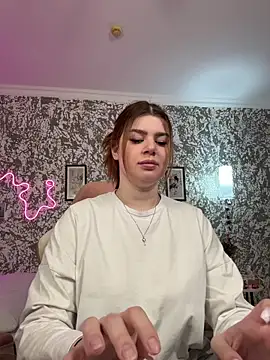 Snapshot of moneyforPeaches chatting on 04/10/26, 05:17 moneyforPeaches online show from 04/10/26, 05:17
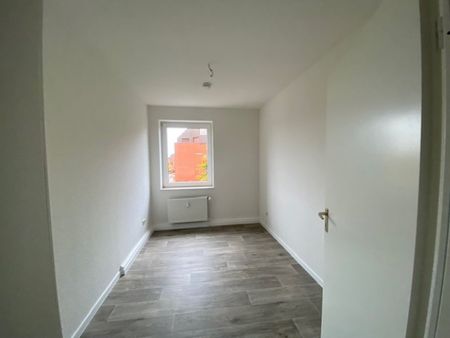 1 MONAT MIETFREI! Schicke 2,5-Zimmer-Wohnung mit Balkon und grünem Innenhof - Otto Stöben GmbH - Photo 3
::::::
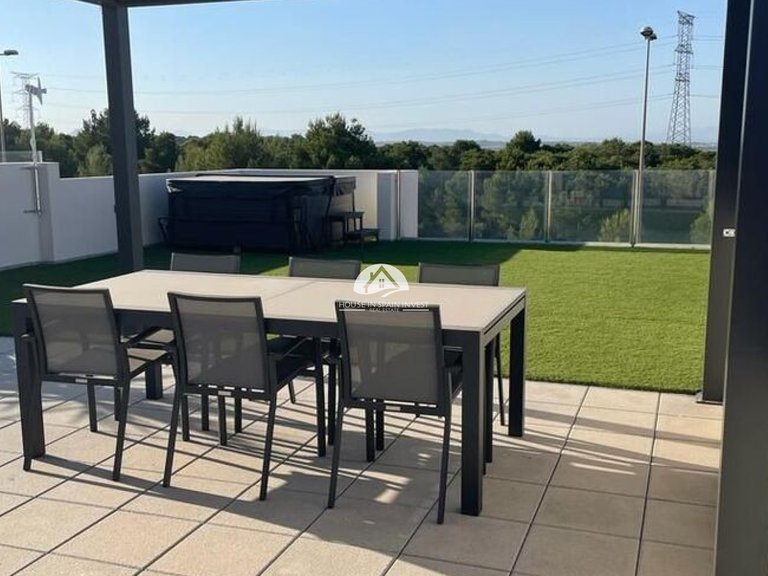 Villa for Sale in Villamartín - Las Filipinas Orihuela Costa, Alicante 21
::::::
:: Exercise brief ::
In the listing above, find the line containing "Snapshot of moneyforPeaches" and the line containing "1 MONAT MIETFREI!", then return both of them and every line between, exactly, without pictures.

:: Problem solution ::
 Snapshot of moneyforPeaches chatting on 04/10/26, 05:17 moneyforPeaches online show from 04/10/26, 05:17
 1 MONAT MIETFREI! Schicke 2,5-Zimmer-Wohnung mit Balkon und grünem Innenhof - Otto Stöben GmbH - Photo 3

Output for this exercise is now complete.